● TASK REQUIREMENTS: With pictures excluded, copy word for word the lines in the data below from the line containing "Since my YouTube" through the line containing "But in the display".

● EXERCISE DATA:
════════════════
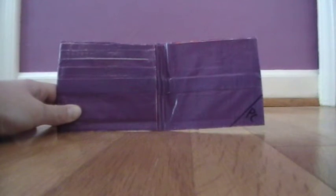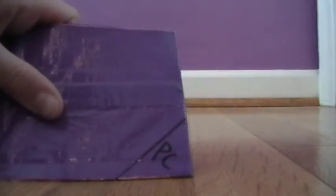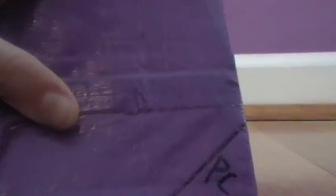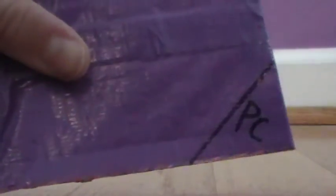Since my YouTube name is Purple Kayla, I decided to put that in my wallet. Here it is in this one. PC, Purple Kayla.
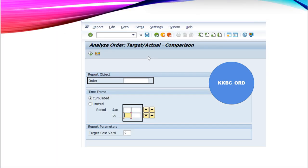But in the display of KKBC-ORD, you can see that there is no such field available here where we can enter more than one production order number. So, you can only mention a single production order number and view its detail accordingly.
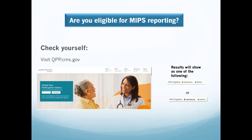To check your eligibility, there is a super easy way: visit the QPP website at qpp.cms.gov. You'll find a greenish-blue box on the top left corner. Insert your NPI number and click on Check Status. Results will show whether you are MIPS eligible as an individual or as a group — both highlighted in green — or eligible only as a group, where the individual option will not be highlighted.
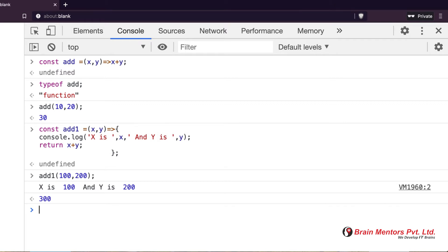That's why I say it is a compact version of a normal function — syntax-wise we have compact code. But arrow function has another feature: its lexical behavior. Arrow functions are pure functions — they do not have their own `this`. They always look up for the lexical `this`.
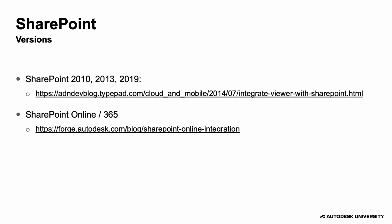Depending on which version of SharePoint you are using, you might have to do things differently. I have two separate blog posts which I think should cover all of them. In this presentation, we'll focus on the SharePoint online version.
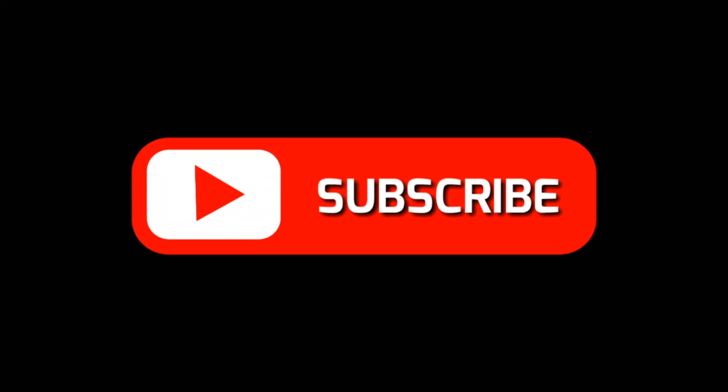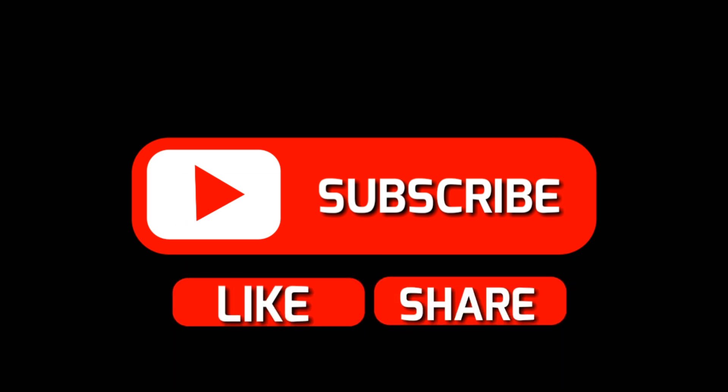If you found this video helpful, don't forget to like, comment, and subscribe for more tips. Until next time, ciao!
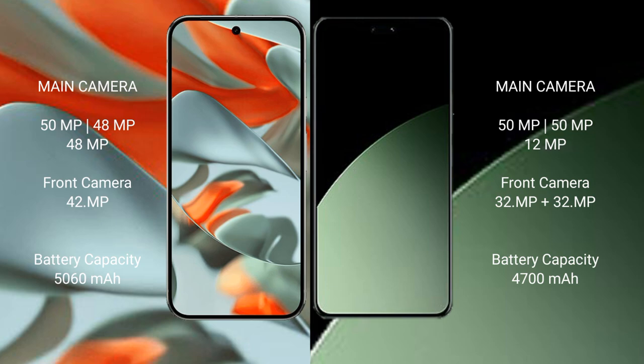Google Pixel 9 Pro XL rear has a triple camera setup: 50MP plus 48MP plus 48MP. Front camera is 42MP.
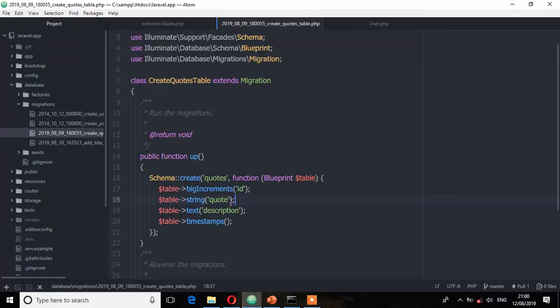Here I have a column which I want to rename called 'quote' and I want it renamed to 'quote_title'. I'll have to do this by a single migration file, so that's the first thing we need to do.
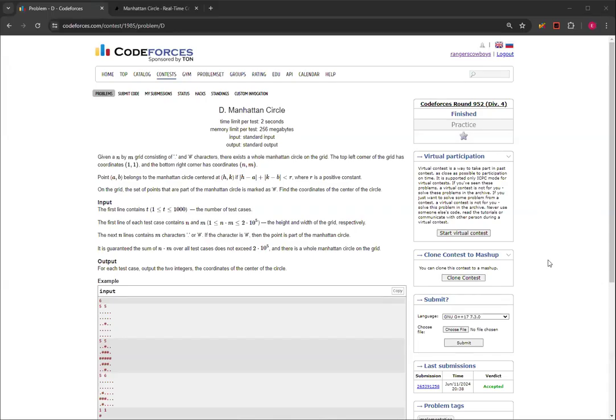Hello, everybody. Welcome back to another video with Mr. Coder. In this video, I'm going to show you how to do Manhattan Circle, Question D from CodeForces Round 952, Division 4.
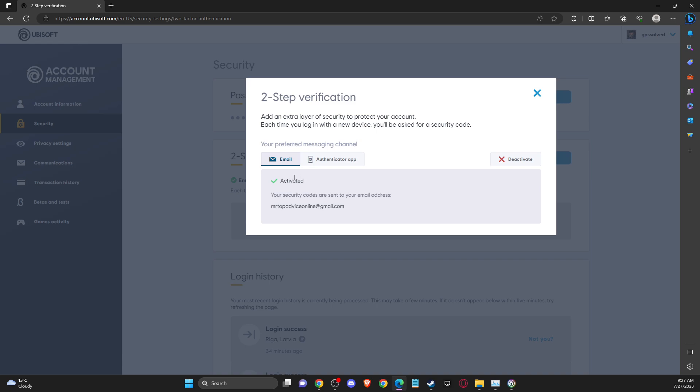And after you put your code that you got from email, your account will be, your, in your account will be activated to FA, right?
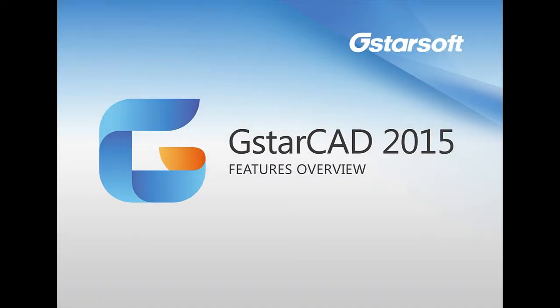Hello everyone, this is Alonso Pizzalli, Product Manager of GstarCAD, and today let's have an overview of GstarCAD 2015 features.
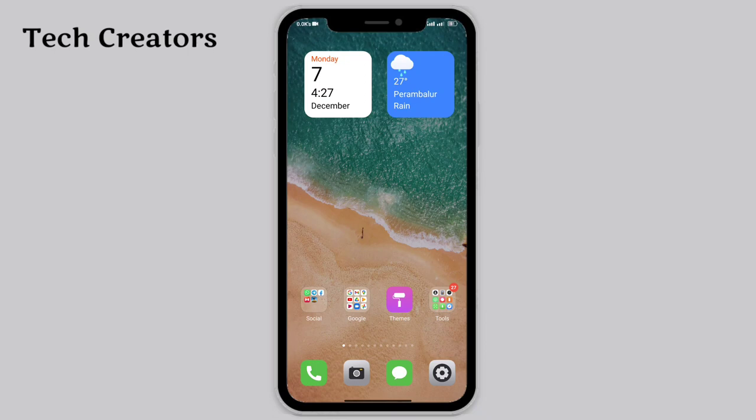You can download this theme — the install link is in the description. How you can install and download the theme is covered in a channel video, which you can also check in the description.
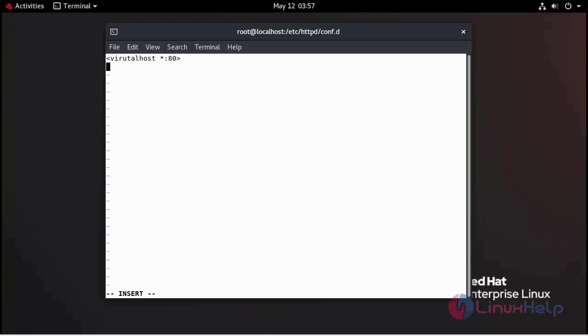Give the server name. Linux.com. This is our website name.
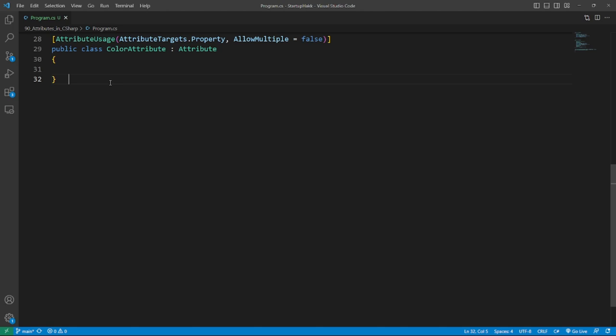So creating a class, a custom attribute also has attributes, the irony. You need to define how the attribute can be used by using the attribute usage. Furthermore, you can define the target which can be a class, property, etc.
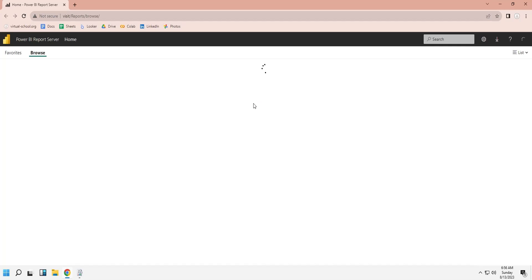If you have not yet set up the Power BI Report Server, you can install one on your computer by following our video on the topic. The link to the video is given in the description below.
════════════════
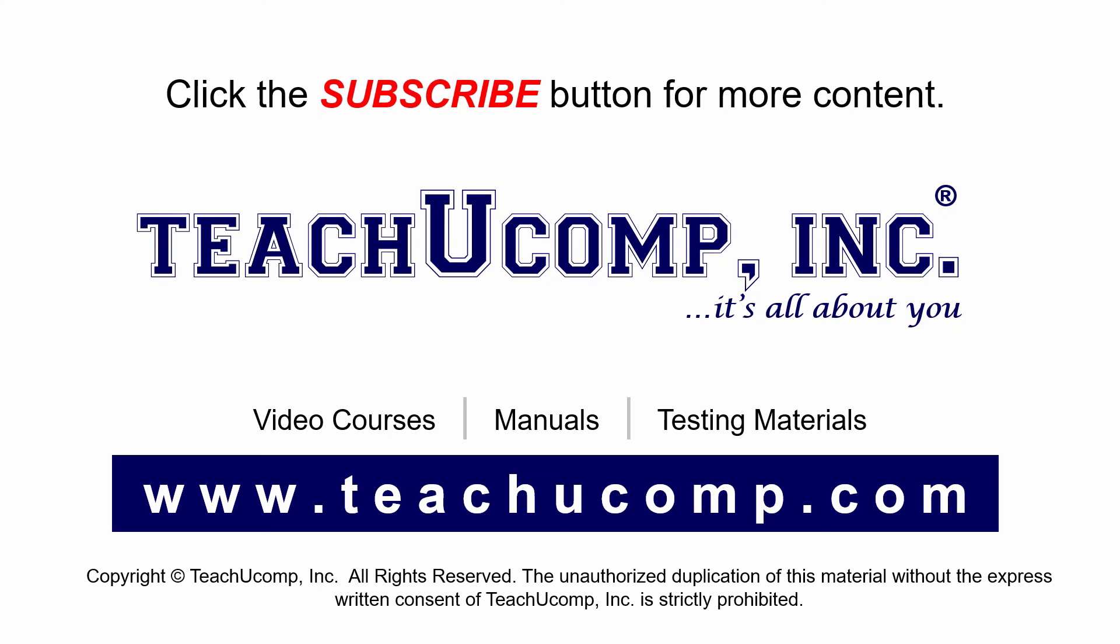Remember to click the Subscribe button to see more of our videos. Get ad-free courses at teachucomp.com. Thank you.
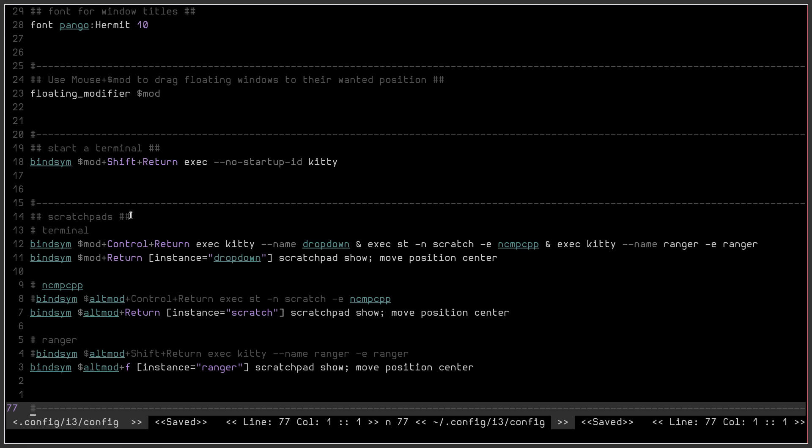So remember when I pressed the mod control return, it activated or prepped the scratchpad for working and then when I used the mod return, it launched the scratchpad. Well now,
════════════════
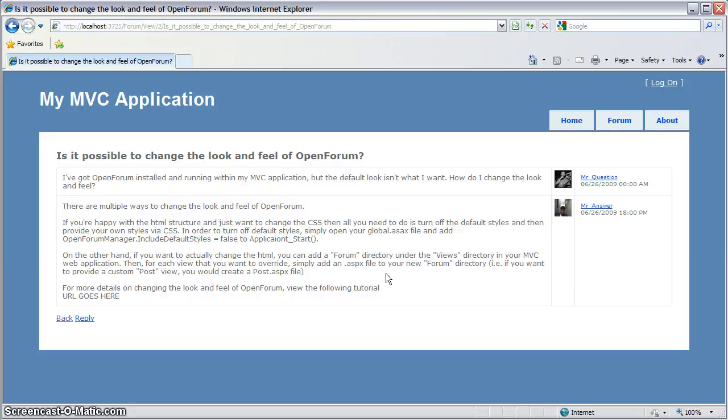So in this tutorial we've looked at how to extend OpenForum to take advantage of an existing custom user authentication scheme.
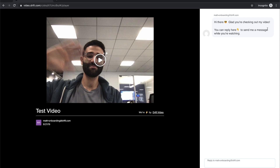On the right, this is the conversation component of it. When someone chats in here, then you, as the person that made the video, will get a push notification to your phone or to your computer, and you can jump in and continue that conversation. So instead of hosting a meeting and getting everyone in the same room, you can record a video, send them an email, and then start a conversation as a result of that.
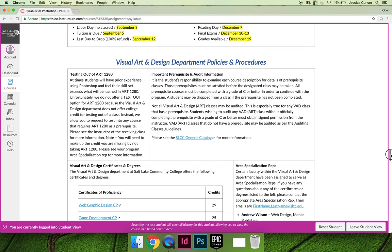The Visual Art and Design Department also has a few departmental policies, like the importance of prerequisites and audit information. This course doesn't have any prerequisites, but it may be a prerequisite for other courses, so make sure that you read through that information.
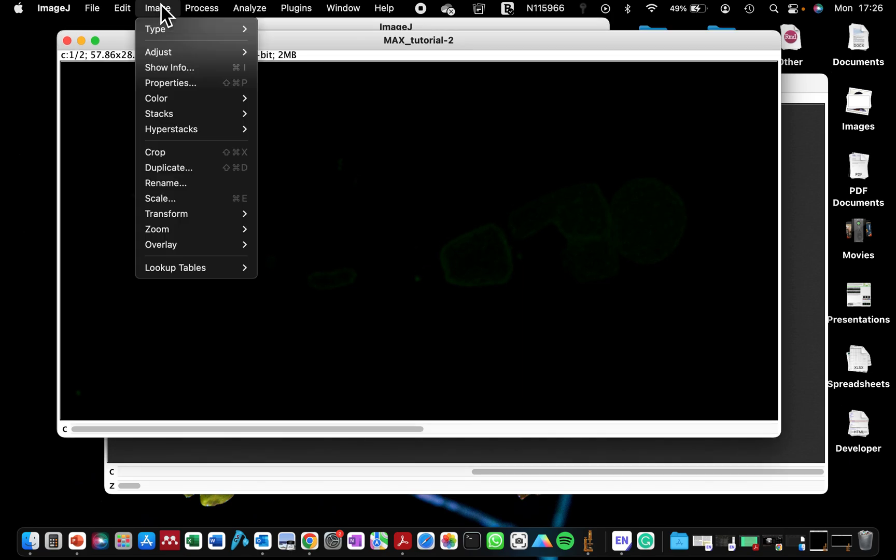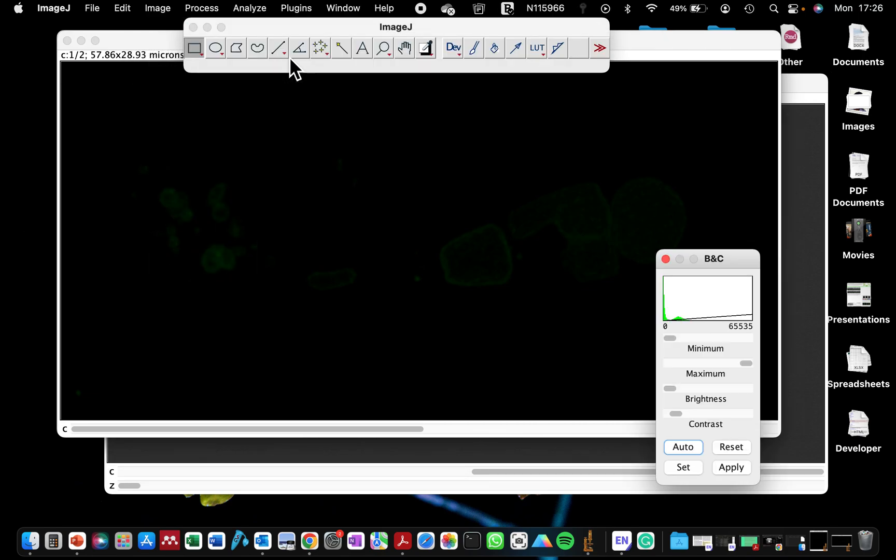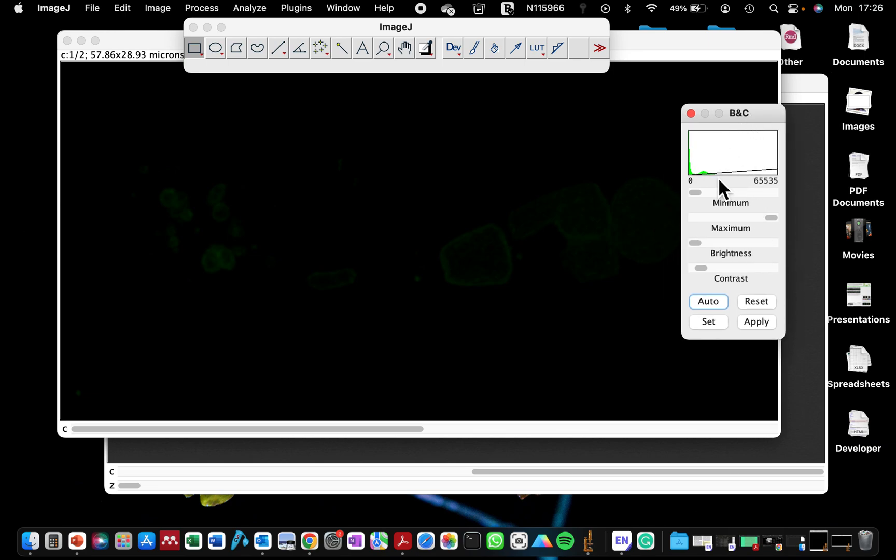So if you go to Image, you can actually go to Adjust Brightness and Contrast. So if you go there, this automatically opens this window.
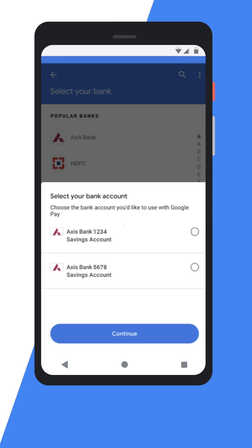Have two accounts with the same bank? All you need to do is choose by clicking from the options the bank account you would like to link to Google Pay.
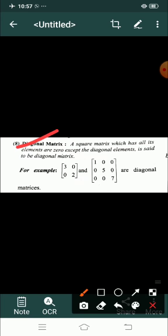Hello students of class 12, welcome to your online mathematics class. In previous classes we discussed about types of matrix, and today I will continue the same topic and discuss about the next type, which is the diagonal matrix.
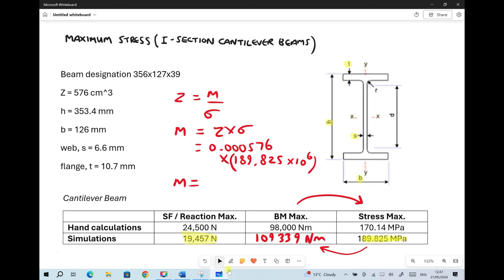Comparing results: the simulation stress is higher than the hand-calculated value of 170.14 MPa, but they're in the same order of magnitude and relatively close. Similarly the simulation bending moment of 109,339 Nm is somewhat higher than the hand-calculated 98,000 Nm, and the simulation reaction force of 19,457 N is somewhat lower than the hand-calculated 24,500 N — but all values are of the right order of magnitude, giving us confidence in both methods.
════════════════
● REPLY:
Since my YouTube name is Purple Kayla, I decided to put that in my wallet. Here it is in this one. PC, Purple Kayla.
But in the display of KKBC-ORD, you can see that there is no such field available here where we can enter more than one production order number. So, you can only mention a single production order number and view its detail accordingly.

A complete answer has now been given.